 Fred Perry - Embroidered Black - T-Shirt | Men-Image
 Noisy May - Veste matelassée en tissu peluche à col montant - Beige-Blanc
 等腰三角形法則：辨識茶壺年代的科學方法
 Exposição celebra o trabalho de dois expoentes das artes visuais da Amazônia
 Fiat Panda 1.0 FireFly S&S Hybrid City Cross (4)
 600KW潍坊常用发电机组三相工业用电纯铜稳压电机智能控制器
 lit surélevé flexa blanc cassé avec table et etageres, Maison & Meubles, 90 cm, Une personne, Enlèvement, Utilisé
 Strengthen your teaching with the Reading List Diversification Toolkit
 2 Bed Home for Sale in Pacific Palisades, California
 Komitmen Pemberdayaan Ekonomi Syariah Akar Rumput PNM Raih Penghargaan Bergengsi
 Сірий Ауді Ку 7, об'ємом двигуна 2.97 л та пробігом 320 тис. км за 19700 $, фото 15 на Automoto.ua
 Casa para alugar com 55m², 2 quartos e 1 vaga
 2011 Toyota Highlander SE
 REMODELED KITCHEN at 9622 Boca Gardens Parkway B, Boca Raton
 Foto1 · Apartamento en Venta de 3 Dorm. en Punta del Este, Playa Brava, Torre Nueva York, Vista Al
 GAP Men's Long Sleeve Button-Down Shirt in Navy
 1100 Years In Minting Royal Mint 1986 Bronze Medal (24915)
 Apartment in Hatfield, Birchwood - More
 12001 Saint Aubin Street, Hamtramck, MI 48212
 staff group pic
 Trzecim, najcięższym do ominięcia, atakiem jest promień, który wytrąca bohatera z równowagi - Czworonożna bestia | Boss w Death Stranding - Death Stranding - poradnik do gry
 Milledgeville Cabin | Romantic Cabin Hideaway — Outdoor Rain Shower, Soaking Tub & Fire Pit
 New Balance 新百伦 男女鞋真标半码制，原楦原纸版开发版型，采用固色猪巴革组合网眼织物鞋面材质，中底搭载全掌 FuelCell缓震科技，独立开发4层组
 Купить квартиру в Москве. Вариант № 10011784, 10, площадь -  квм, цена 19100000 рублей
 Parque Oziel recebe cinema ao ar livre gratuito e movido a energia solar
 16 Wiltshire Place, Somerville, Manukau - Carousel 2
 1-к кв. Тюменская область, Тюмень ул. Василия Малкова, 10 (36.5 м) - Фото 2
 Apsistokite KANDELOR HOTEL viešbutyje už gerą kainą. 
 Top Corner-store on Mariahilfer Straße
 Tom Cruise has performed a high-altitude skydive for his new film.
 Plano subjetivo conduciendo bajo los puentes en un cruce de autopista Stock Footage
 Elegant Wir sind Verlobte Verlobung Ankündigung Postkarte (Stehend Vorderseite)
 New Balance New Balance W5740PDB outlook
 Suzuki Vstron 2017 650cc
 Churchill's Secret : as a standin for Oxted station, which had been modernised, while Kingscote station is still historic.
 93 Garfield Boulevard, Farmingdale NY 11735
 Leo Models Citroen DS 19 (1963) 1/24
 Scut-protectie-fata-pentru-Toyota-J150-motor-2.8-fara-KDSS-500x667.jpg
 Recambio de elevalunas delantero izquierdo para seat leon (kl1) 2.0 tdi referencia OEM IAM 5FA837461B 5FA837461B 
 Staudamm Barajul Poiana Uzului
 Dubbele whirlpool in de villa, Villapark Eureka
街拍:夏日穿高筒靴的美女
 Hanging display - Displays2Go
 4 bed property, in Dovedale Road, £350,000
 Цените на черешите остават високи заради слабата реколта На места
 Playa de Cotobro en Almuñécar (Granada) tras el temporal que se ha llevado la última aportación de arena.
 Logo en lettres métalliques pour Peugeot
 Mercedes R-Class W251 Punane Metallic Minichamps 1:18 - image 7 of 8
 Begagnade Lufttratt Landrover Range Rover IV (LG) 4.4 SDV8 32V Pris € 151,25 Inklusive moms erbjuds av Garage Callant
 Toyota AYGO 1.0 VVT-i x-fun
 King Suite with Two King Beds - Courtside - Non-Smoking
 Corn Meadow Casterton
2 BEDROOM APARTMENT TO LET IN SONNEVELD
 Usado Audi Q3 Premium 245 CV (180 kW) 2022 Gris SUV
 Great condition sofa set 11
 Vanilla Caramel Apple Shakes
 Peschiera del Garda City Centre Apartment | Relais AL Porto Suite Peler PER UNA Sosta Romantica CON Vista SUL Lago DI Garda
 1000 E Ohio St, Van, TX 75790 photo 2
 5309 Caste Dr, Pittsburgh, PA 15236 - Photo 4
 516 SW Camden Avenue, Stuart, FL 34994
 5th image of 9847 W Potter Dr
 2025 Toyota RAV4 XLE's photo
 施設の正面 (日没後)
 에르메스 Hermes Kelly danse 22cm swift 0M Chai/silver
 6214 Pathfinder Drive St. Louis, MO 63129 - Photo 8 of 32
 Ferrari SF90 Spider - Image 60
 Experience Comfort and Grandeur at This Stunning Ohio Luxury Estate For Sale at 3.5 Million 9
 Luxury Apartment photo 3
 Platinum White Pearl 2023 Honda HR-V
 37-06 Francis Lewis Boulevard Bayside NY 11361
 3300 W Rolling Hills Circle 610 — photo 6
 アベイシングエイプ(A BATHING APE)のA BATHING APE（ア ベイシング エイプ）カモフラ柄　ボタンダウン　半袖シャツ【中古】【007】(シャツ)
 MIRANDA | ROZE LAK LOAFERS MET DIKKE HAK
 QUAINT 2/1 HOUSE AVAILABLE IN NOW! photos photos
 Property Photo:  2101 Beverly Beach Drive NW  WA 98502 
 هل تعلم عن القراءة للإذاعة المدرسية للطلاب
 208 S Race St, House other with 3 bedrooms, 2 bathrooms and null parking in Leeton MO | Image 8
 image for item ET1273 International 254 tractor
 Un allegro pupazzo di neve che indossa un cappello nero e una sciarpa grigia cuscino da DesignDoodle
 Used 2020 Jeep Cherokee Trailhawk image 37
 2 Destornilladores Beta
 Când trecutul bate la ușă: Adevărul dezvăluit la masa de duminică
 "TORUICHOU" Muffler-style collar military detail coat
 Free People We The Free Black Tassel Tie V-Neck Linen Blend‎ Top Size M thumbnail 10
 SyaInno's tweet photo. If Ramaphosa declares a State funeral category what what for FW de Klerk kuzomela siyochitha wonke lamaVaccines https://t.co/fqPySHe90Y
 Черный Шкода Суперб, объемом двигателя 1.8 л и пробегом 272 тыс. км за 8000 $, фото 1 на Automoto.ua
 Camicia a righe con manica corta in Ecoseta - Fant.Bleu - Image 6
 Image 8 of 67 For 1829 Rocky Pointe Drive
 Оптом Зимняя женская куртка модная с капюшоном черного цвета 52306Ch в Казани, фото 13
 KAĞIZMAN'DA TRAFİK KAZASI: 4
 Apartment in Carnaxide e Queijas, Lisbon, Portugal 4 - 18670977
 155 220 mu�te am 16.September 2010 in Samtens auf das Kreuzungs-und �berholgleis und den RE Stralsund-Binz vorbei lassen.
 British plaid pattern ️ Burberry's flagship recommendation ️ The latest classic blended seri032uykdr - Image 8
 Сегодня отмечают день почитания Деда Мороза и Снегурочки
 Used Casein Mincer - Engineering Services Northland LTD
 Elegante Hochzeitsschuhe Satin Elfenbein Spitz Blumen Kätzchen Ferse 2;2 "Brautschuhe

Problem to solve
Could you type out every entry again exactly as it stands?

Solved problem
 Fred Perry - Embroidered Black - T-Shirt | Men-Image
 Noisy May - Veste matelassée en tissu peluche à col montant - Beige-Blanc
 等腰三角形法則：辨識茶壺年代的科學方法
 Exposição celebra o trabalho de dois expoentes das artes visuais da Amazônia
 Fiat Panda 1.0 FireFly S&S Hybrid City Cross (4)
 600KW潍坊常用发电机组三相工业用电纯铜稳压电机智能控制器
 lit surélevé flexa blanc cassé avec table et etageres, Maison & Meubles, 90 cm, Une personne, Enlèvement, Utilisé
 Strengthen your teaching with the Reading List Diversification Toolkit
 2 Bed Home for Sale in Pacific Palisades, California
 Komitmen Pemberdayaan Ekonomi Syariah Akar Rumput PNM Raih Penghargaan Bergengsi
 Сірий Ауді Ку 7, об'ємом двигуна 2.97 л та пробігом 320 тис. км за 19700 $, фото 15 на Automoto.ua
 Casa para alugar com 55m², 2 quartos e 1 vaga
 2011 Toyota Highlander SE
 REMODELED KITCHEN at 9622 Boca Gardens Parkway B, Boca Raton
 Foto1 · Apartamento en Venta de 3 Dorm. en Punta del Este, Playa Brava, Torre Nueva York, Vista Al
 GAP Men's Long Sleeve Button-Down Shirt in Navy
 1100 Years In Minting Royal Mint 1986 Bronze Medal (24915)
 Apartment in Hatfield, Birchwood - More
 12001 Saint Aubin Street, Hamtramck, MI 48212
 staff group pic
 Trzecim, najcięższym do ominięcia, atakiem jest promień, który wytrąca bohatera z równowagi - Czworonożna bestia | Boss w Death Stranding - Death Stranding - poradnik do gry
 Milledgeville Cabin | Romantic Cabin Hideaway — Outdoor Rain Shower, Soaking Tub & Fire Pit
 New Balance 新百伦 男女鞋真标半码制，原楦原纸版开发版型，采用固色猪巴革组合网眼织物鞋面材质，中底搭载全掌 FuelCell缓震科技，独立开发4层组
 Купить квартиру в Москве. Вариант № 10011784, 10, площадь -  квм, цена 19100000 рублей
 Parque Oziel recebe cinema ao ar livre gratuito e movido a energia solar
 16 Wiltshire Place, Somerville, Manukau - Carousel 2
 1-к кв. Тюменская область, Тюмень ул. Василия Малкова, 10 (36.5 м) - Фото 2
 Apsistokite KANDELOR HOTEL viešbutyje už gerą kainą. 
 Top Corner-store on Mariahilfer Straße
 Tom Cruise has performed a high-altitude skydive for his new film.
 Plano subjetivo conduciendo bajo los puentes en un cruce de autopista Stock Footage
 Elegant Wir sind Verlobte Verlobung Ankündigung Postkarte (Stehend Vorderseite)
 New Balance New Balance W5740PDB outlook
 Suzuki Vstron 2017 650cc
 Churchill's Secret : as a standin for Oxted station, which had been modernised, while Kingscote station is still historic.
 93 Garfield Boulevard, Farmingdale NY 11735
 Leo Models Citroen DS 19 (1963) 1/24
 Scut-protectie-fata-pentru-Toyota-J150-motor-2.8-fara-KDSS-500x667.jpg
 Recambio de elevalunas delantero izquierdo para seat leon (kl1) 2.0 tdi referencia OEM IAM 5FA837461B 5FA837461B 
 Staudamm Barajul Poiana Uzului
 Dubbele whirlpool in de villa, Villapark Eureka
街拍:夏日穿高筒靴的美女
 Hanging display - Displays2Go
 4 bed property, in Dovedale Road, £350,000
 Цените на черешите остават високи заради слабата реколта На места
 Playa de Cotobro en Almuñécar (Granada) tras el temporal que se ha llevado la última aportación de arena.
 Logo en lettres métalliques pour Peugeot
 Mercedes R-Class W251 Punane Metallic Minichamps 1:18 - image 7 of 8
 Begagnade Lufttratt Landrover Range Rover IV (LG) 4.4 SDV8 32V Pris € 151,25 Inklusive moms erbjuds av Garage Callant
 Toyota AYGO 1.0 VVT-i x-fun
 King Suite with Two King Beds - Courtside - Non-Smoking
 Corn Meadow Casterton
2 BEDROOM APARTMENT TO LET IN SONNEVELD
 Usado Audi Q3 Premium 245 CV (180 kW) 2022 Gris SUV
 Great condition sofa set 11
 Vanilla Caramel Apple Shakes
 Peschiera del Garda City Centre Apartment | Relais AL Porto Suite Peler PER UNA Sosta Romantica CON Vista SUL Lago DI Garda
 1000 E Ohio St, Van, TX 75790 photo 2
 5309 Caste Dr, Pittsburgh, PA 15236 - Photo 4
 516 SW Camden Avenue, Stuart, FL 34994
 5th image of 9847 W Potter Dr
 2025 Toyota RAV4 XLE's photo
 施設の正面 (日没後)
 에르메스 Hermes Kelly danse 22cm swift 0M Chai/silver
 6214 Pathfinder Drive St. Louis, MO 63129 - Photo 8 of 32
 Ferrari SF90 Spider - Image 60
 Experience Comfort and Grandeur at This Stunning Ohio Luxury Estate For Sale at 3.5 Million 9
 Luxury Apartment photo 3
 Platinum White Pearl 2023 Honda HR-V
 37-06 Francis Lewis Boulevard Bayside NY 11361
 3300 W Rolling Hills Circle 610 — photo 6
 アベイシングエイプ(A BATHING APE)のA BATHING APE（ア ベイシング エイプ）カモフラ柄　ボタンダウン　半袖シャツ【中古】【007】(シャツ)
 MIRANDA | ROZE LAK LOAFERS MET DIKKE HAK
 QUAINT 2/1 HOUSE AVAILABLE IN NOW! photos photos
 Property Photo:  2101 Beverly Beach Drive NW  WA 98502 
 هل تعلم عن القراءة للإذاعة المدرسية للطلاب
 208 S Race St, House other with 3 bedrooms, 2 bathrooms and null parking in Leeton MO | Image 8
 image for item ET1273 International 254 tractor
 Un allegro pupazzo di neve che indossa un cappello nero e una sciarpa grigia cuscino da DesignDoodle
 Used 2020 Jeep Cherokee Trailhawk image 37
 2 Destornilladores Beta
 Când trecutul bate la ușă: Adevărul dezvăluit la masa de duminică
 "TORUICHOU" Muffler-style collar military detail coat
 Free People We The Free Black Tassel Tie V-Neck Linen Blend‎ Top Size M thumbnail 10
 SyaInno's tweet photo. If Ramaphosa declares a State funeral category what what for FW de Klerk kuzomela siyochitha wonke lamaVaccines https://t.co/fqPySHe90Y
 Черный Шкода Суперб, объемом двигателя 1.8 л и пробегом 272 тыс. км за 8000 $, фото 1 на Automoto.ua
 Camicia a righe con manica corta in Ecoseta - Fant.Bleu - Image 6
 Image 8 of 67 For 1829 Rocky Pointe Drive
 Оптом Зимняя женская куртка модная с капюшоном черного цвета 52306Ch в Казани, фото 13
 KAĞIZMAN'DA TRAFİK KAZASI: 4
 Apartment in Carnaxide e Queijas, Lisbon, Portugal 4 - 18670977
 155 220 mu�te am 16.September 2010 in Samtens auf das Kreuzungs-und �berholgleis und den RE Stralsund-Binz vorbei lassen.
 British plaid pattern ️ Burberry's flagship recommendation ️ The latest classic blended seri032uykdr - Image 8
 Сегодня отмечают день почитания Деда Мороза и Снегурочки
 Used Casein Mincer - Engineering Services Northland LTD
 Elegante Hochzeitsschuhe Satin Elfenbein Spitz Blumen Kätzchen Ferse 2;2 "Brautschuhe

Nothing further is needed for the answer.